Message Too Old, No Replies

Yahoo-VerticalCrawler appears to have ignored robots.txt

         

isitreal

2:24 pm on Apr 26, 2004 (gmt 0)

WebmasterWorld Senior Member 10+ Year Member Top Contributors Of The Month



I've been running a spider trap for a while now on a site, with robots.txt of:

User-agent: *
Disallow: /stats/stop_spider.htm

where stop_spider.htm is the spider trap page, but this morning I got this notification:

IP address: 66.77.73.32
Navigator user agent: Yahoo-VerticalCrawler-FormerWebCrawler/3.9 crawler at trd dot overture dot com;
referrer: [alltheweb.com...]

Assuming this is a real yahoo crawler and not a spoof this seem to indicate that yahoo didn't pay attention to the robots.txt file, which has been up for over a month now.

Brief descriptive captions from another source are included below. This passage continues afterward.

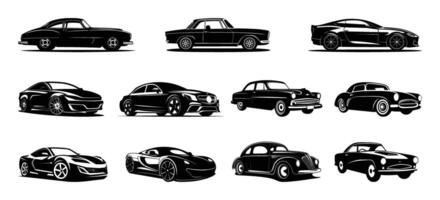 Cars Collection BlacK Color Clipart. vector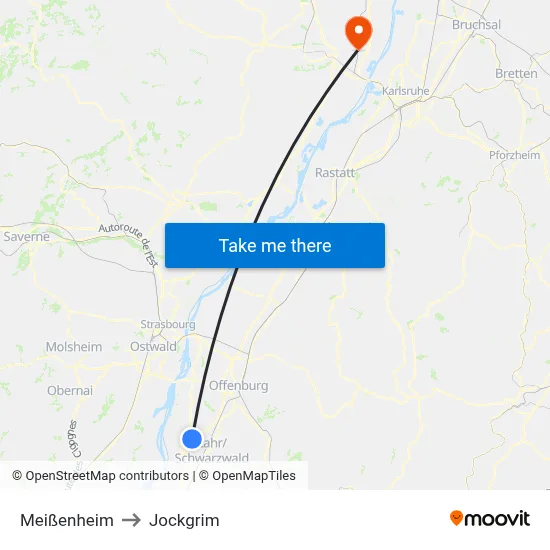 Meißenheim to Jockgrim map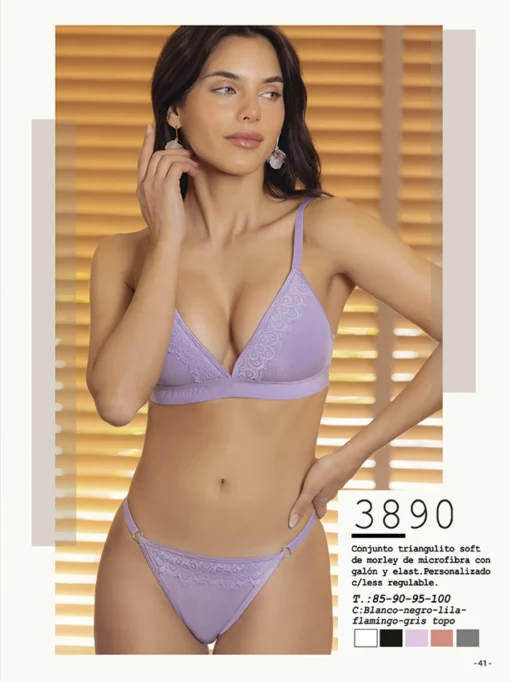Codigo: 3890 -- melifera lenceria -- Conjunto triangulito soft de morley de microfibra con galon y elastico con colaless regulable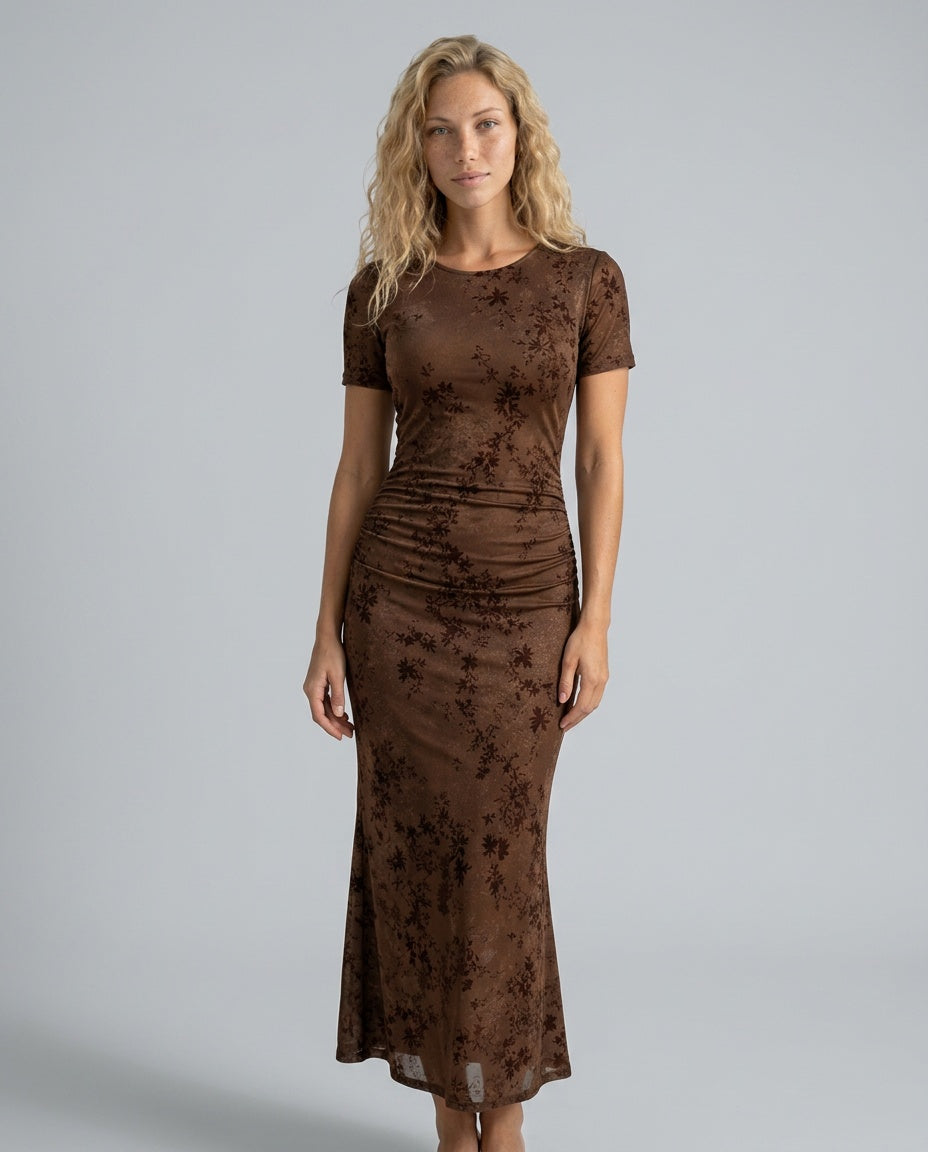 Adeline | Short Sleeve Crew Neck Midi Dress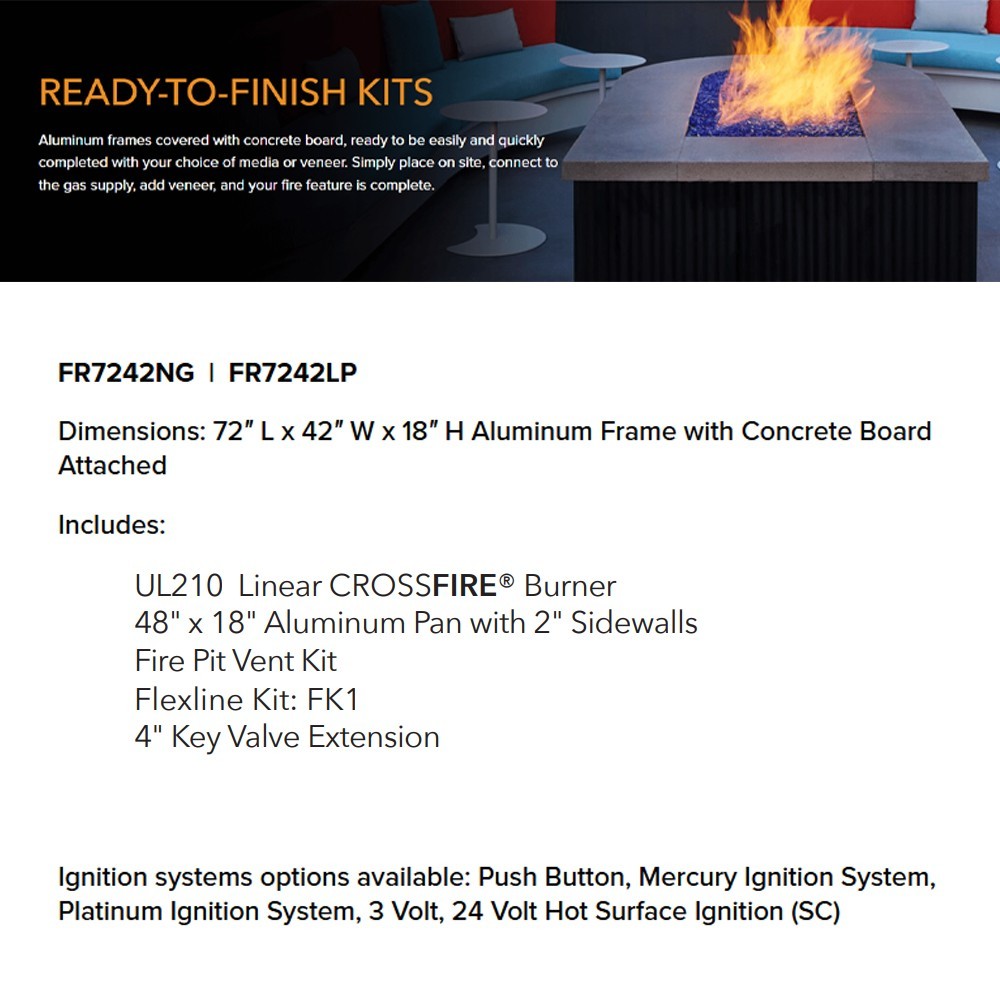 Ready-to-finish fire pit enclosure kit brochure page showing linear burner configuration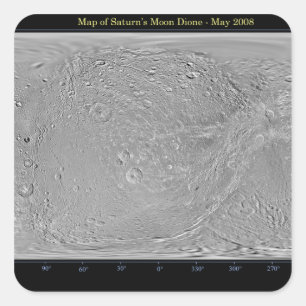 Global map of Saturn's moon Dione Square Sticker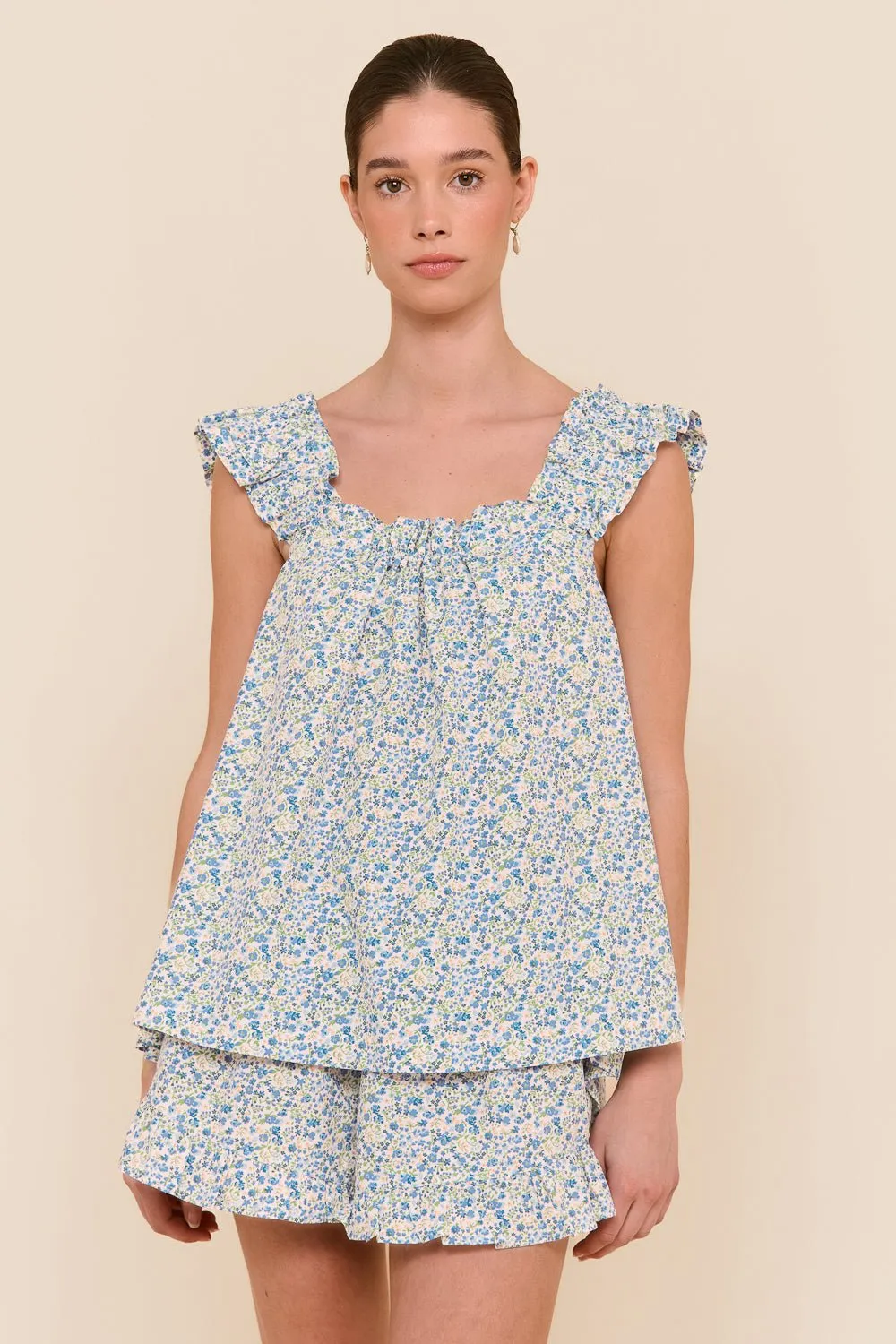 Nicolette Sleep Set - Cotton - Floret Blue
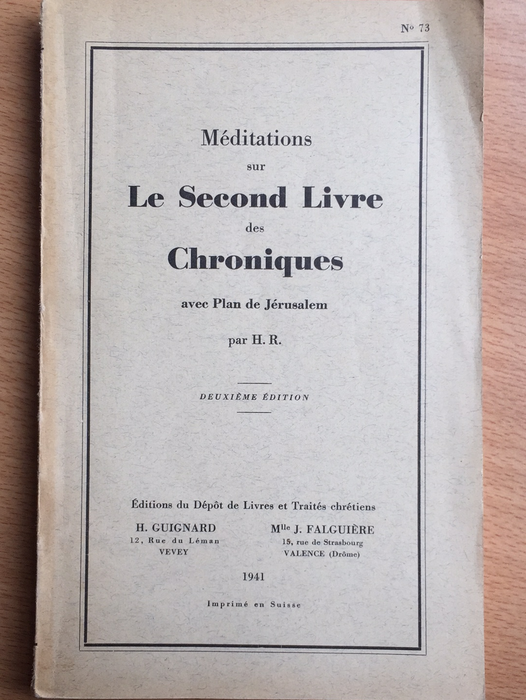 Méditations sur le second livre des Chroniques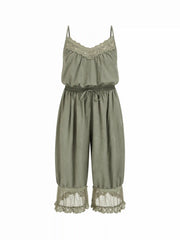 V-neck Lace Panel Drawstring Capri Bloomer Jumpsuit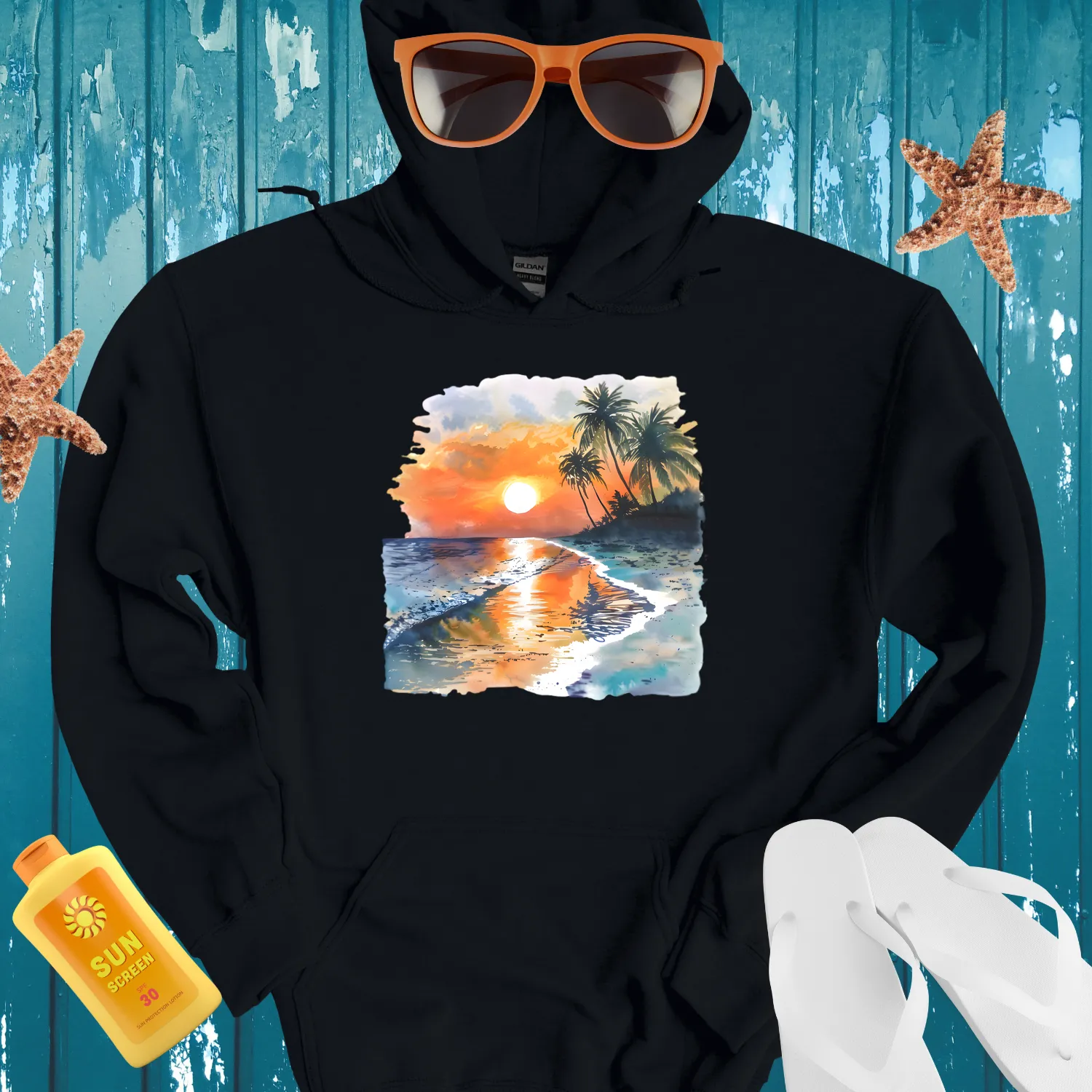 Beach Sunset Hoodie With Vibrant Watercolor Design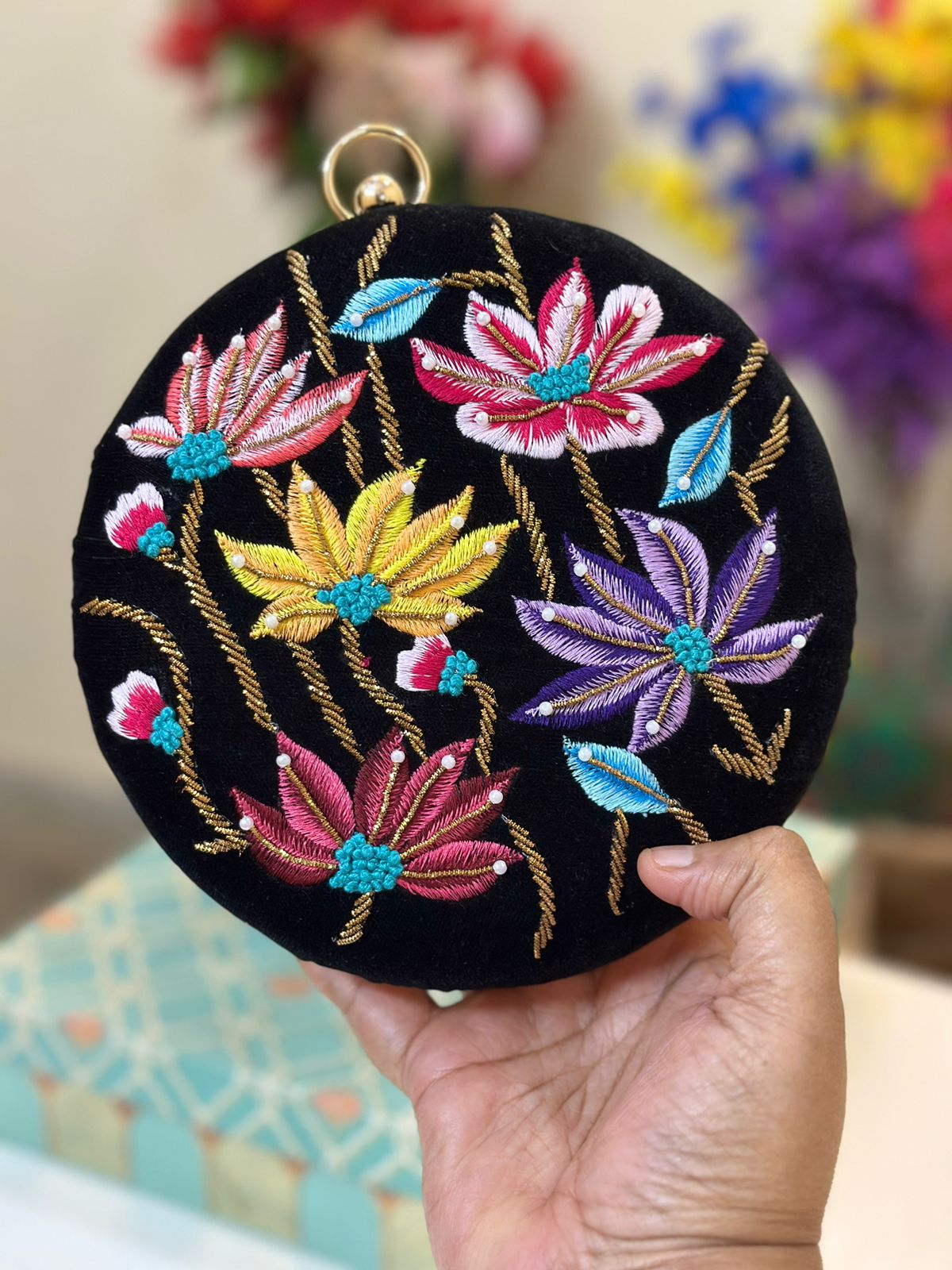 Round Hand Embroidered Clutch 5003 – luxury evening clutch with sequins & embroidery from Perfect Cutt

Last week the yahoo crawler spidered the whole site without triggering the spider trap.

The only thing I can think of that might have gone wrong is that I just switched the site to apache mod_rewrite to convert to search engine friendly urls,

mysite.com/index.htm?section=main&page=5

is now mysite.com/main/page5.htm

through this htaccess:

RewriteRule ^(.*)/overview\.htm /index.htm?section=$1&page=0 [NC,L]
RewriteRule ^(.*)/page(.*)\.htm /index.htm?section=$1&page=$2 [NC,L]
RewriteRule ^(.*)/$ /index.htm?section=$1 [NC]

but this shouldn't make a difference that I see. Any ideas, or has anyone else seen this, or is this a fake yahoo spider?